Ho to Extract DistilBERT Embeddings from a list containg 5000 records..?

49 views Asked by At

After tokenizing the dataset then we try to extract DistiBert Embeddings on our dataset(contains 5000 text records in dataframe) memory error occurred for the following code:

outputs = model(**tokenized_inputs0)
bert_embeddings = outputs.last_hidden_state

So, we divide the dataframe into list using following code :

list_train = [final_Data1[i:i+100] for i in range(0,final_Data1.shape[0],100)] 

Now how to extract the DistilBERT Embeddings on the above list_train...????

How to apply following code for extracting DistilBERT Embeddings on the list...?

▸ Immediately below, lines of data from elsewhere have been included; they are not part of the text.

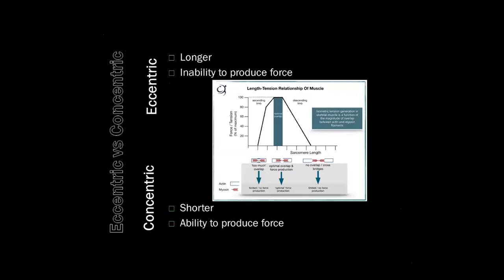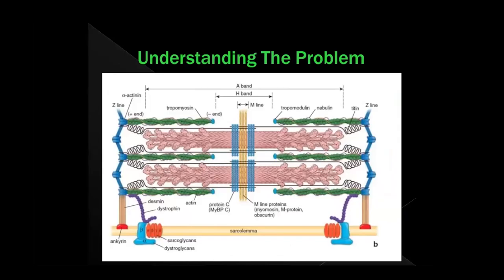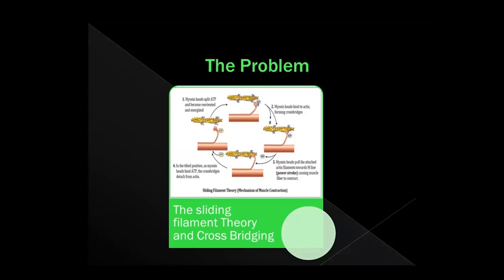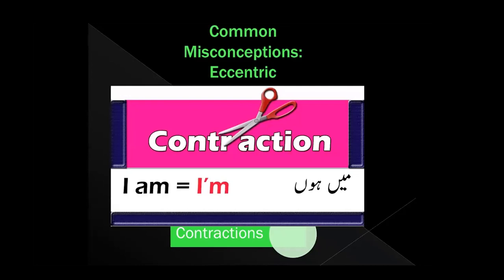That's the sarcomere — the little piece of muscle within a muscle fiber that fires. If we go back to this picture here, this little guy in here is the muscle fiber, and the sarcomere inside it is the small functional unit of the muscle. That's what fires, and that's what we're looking at in this picture.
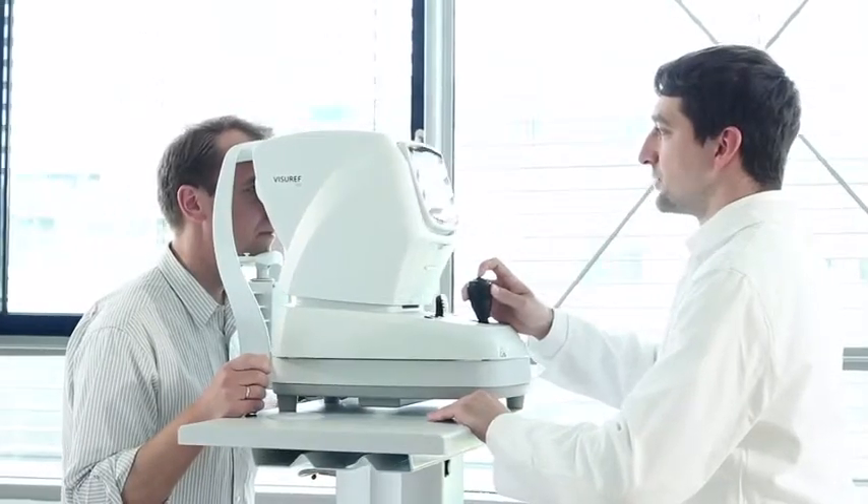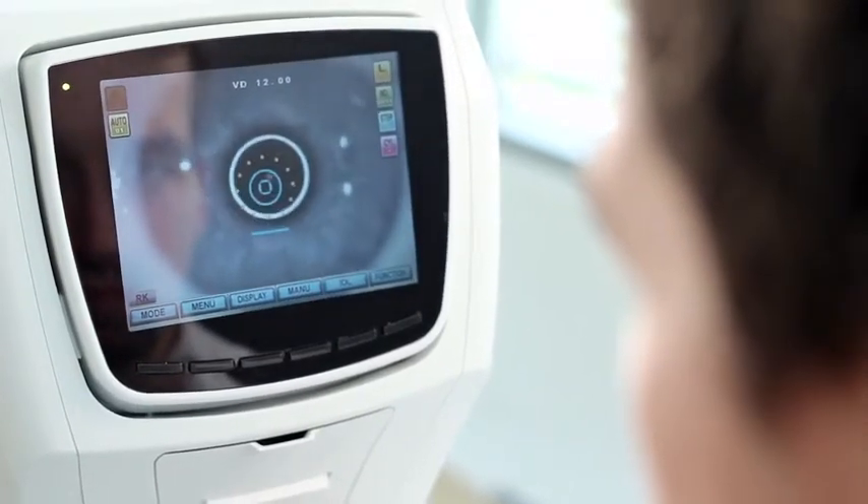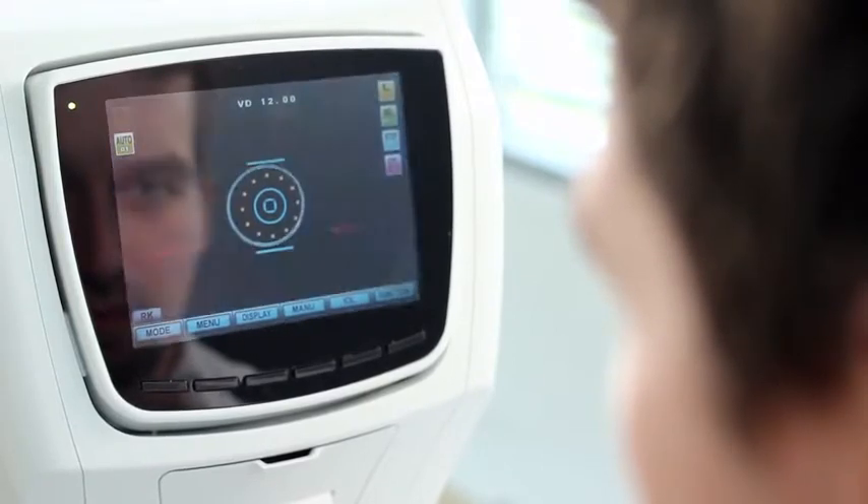Focus the device on the patient's eye using the targeting function on the live screen. In auto-trigger mode, the refraction will automatically begin once the device is in focus, taking one or several measurements. The results are immediately displayed on screen.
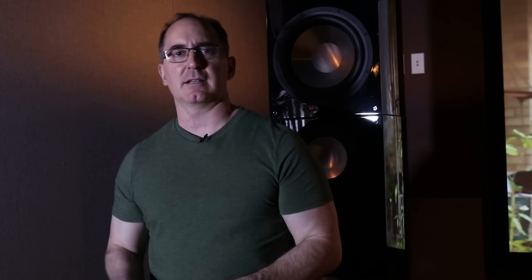When Dolby Atmos came out and DTS X came out, Dolby had the Center Spread feature. DTS X did not. And I did not like the DTS X upmixer as a result. In fact, I think it sounds terrible for music — I've been saying this for years now, don't use the DTS X upmixer for two-channel music. Use the Dolby Atmos one, because the Dolby upmixer, when you turn Center Spread on, sounds great.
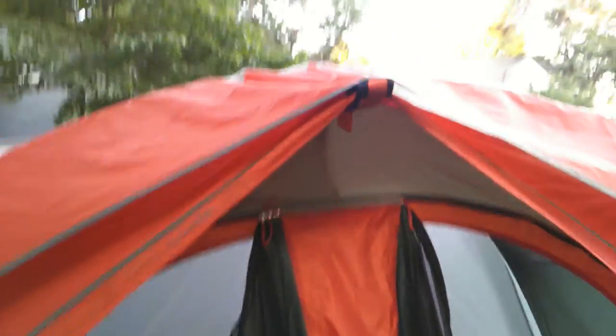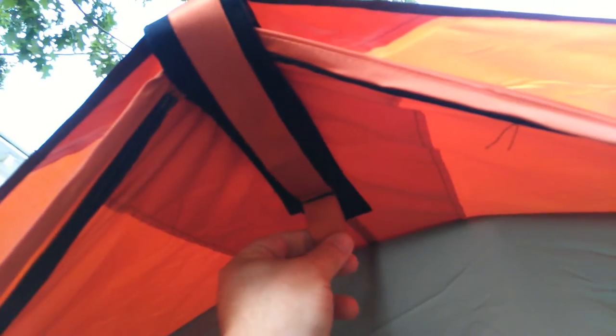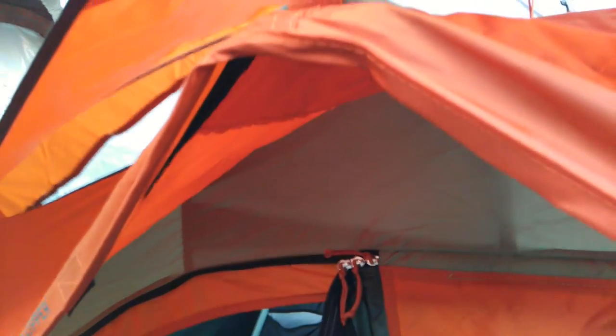We think we figured out these velcro straps. I'm going to take it off here — hold the stick. We think this is how we do it: we velcro it up. The bottom of the rain fly has velcro and the top of the tent has velcro, so you cinch them together and it makes a little pocket that this end goes into. That's what we think, it was a guess — we're hoping that's it.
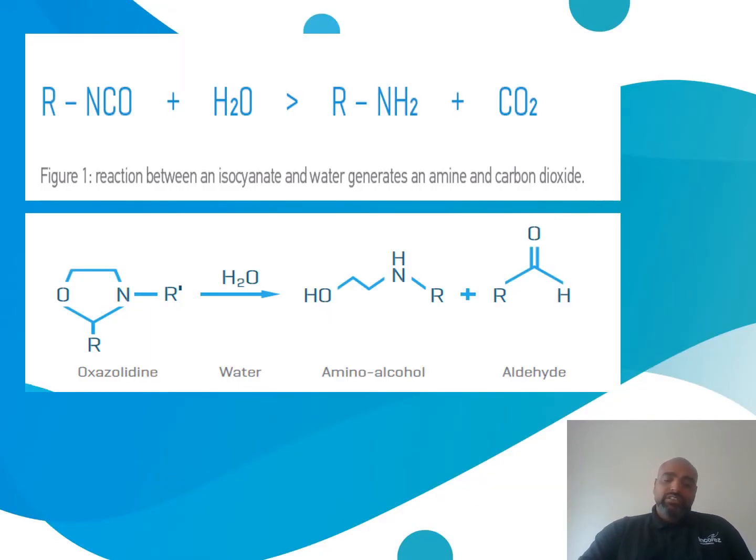The reaction of the oxazolidine with moisture is a faster reaction than the one with the isocyanates. IncaZone 2, like all oxazolidines, works by reacting preferentially with the water before the isocyanates. This moisture-scavenging chemistry yields an amine and hydroxyl group. These then react with isocyanates in a reaction that generates no carbon dioxide. The result is a defect-free product that gives excellent in-can stability.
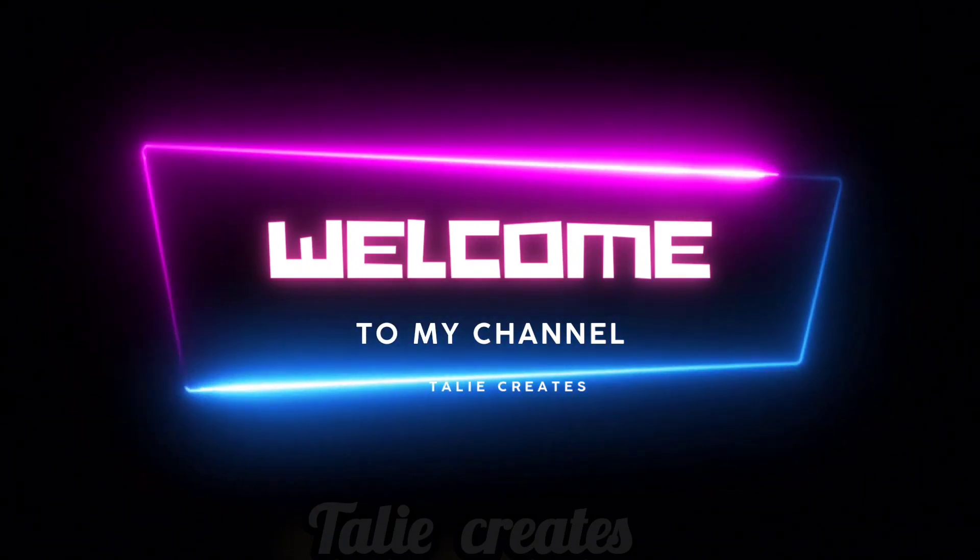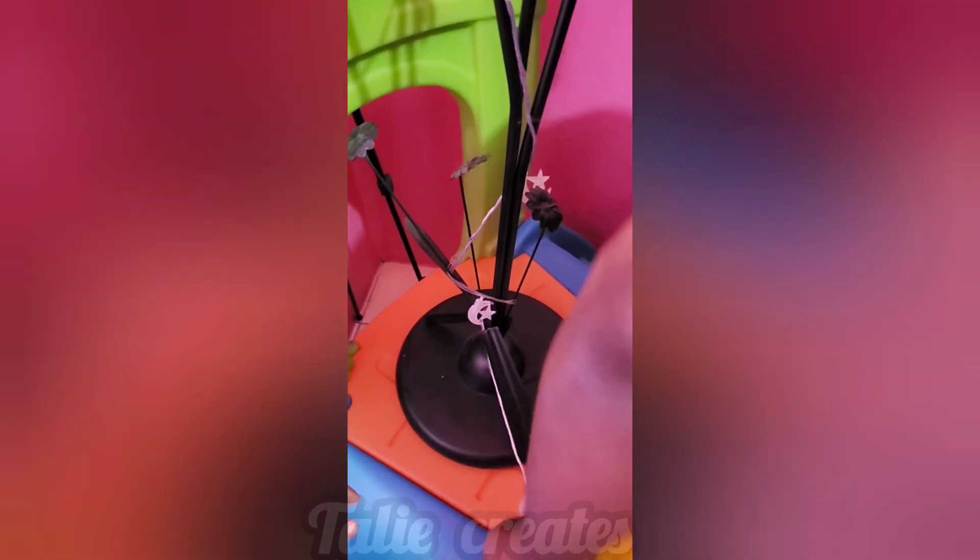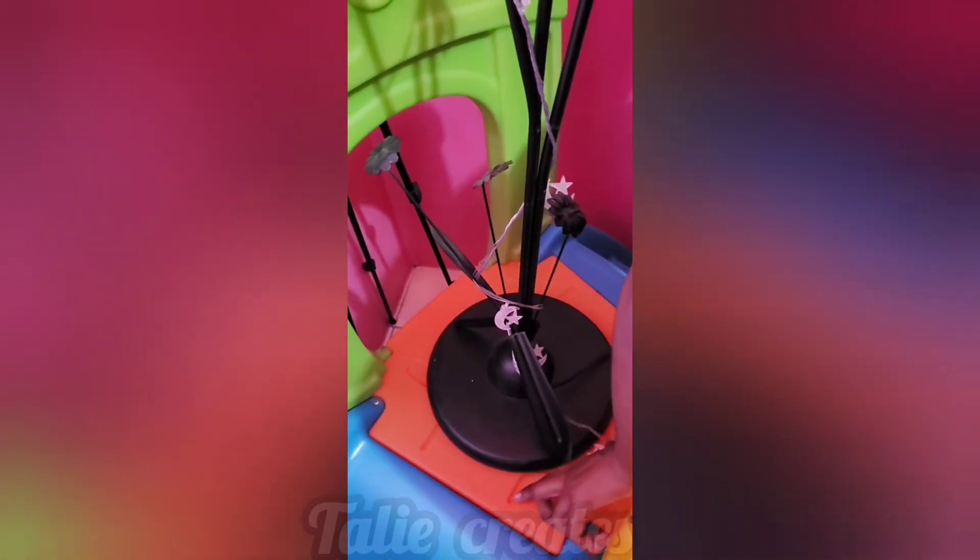Hey guys, welcome back to my channel. It's a girl Tally, and I'm back with another video. Today, as you can see from the title, I will be adding some accessories to this night light.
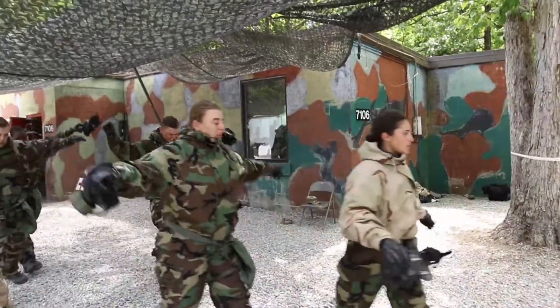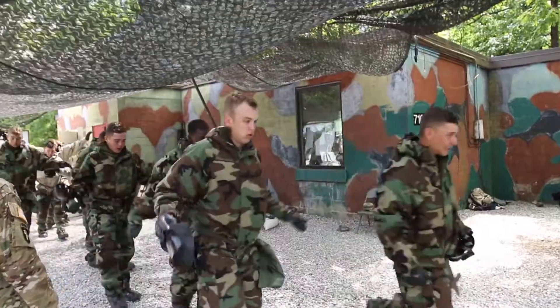Reporting from the Cadet Summer Training Public Affairs Office at Fort Knox, I'm Brendan Schmidt.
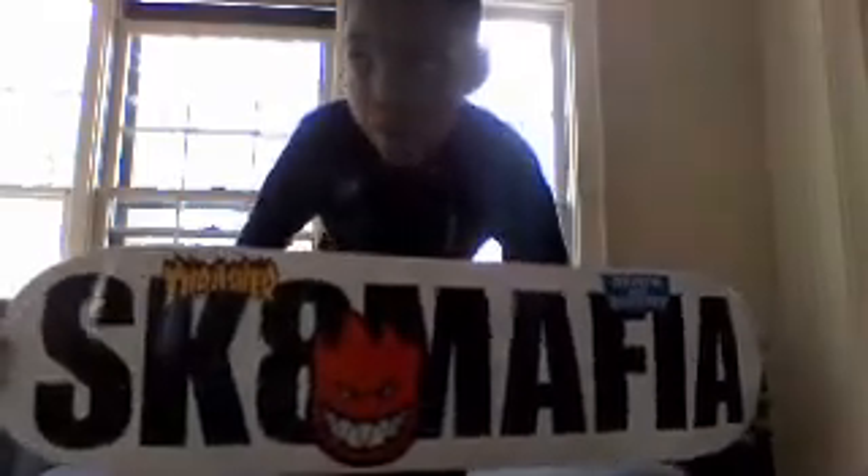I went to the mall a week ago and bought a Skate Mafia deck. It's really good. I put the stickers on since I got the board and it's been gripped at the skate shop. We got a Skate Mafia deck and we got some independent trucks.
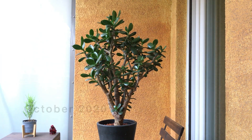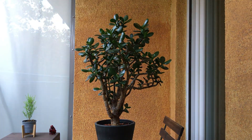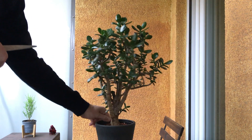Hey, and welcome! Today I'm pruning the leaves on this Crassula ovata. It is getting quite top-heavy, and to make life easier, I'm reducing the amount of leaves.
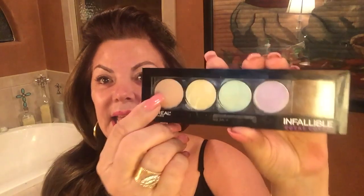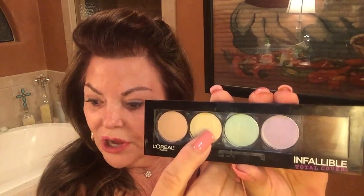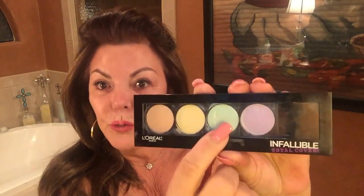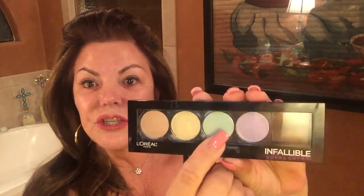I wrote this down: the tan is to camouflage dark circles. The yellow is to combat discoloration. The green is there to erase redness on my complexion, and the purple is there to brighten dull areas — it acts more as an illuminator. This palette has just taken away my pores. It is awesome.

outputs = model(**tokenized_inputs0) bert_embeddings = outputs.last_hidden_state

1

There are 1 answers

1
Jesse Sealand On

You could use a for loop to iterate over the list of data you created. You will have to do something with your predictions to get them out of memory, like saving them to a file, otherwise you'll still run out of memory.

batch_list = [final_Data1[i:i+100] for i in range(0,final_Data1.shape[0],100)] 

for batch in batch_list:

    outputs = model(**batch)
    bert_embeddings = outputs.last_hidden_state

    # do something with your outputs